= Neendakara Port =

Neendakara port (Neendakara Fishing Harbour) is an intermediate port located in the Kollam district of Kerala. It is situated on the Ashtamudi Lake, which comprises both sides - Neendakara and Sakthikulangara. The port is used for fishing and cargo transportation. It has the capacity to contain over 500 fishing boats at a time.
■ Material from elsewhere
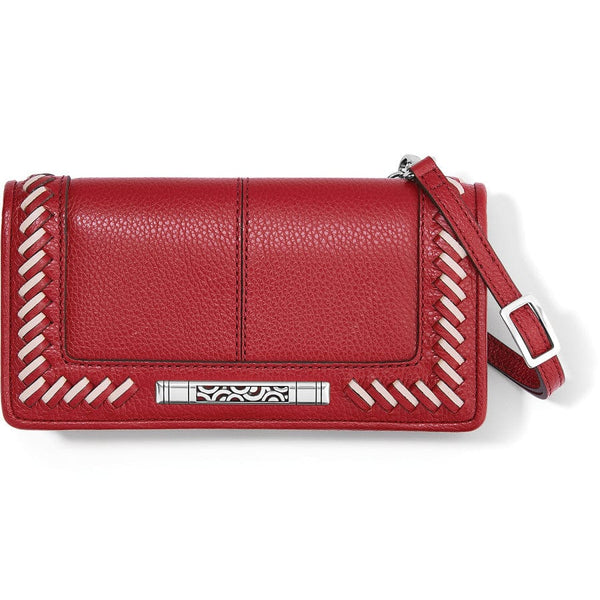 Brighton Red Leather Purse/Bag New WOT Shoulder Strap Silvèr Studs Square |  eBay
The history of Neendakara port dates back to the early 16th century, when Portuguese traders settled in Kollam. Their ships passed through the Neendakara bar, which is now the site of the Neendakara Bridge. The bridge is part of National Highway 66, which connects the village of Neendakara to Sakthikulangara across the Ashtamudi Lake.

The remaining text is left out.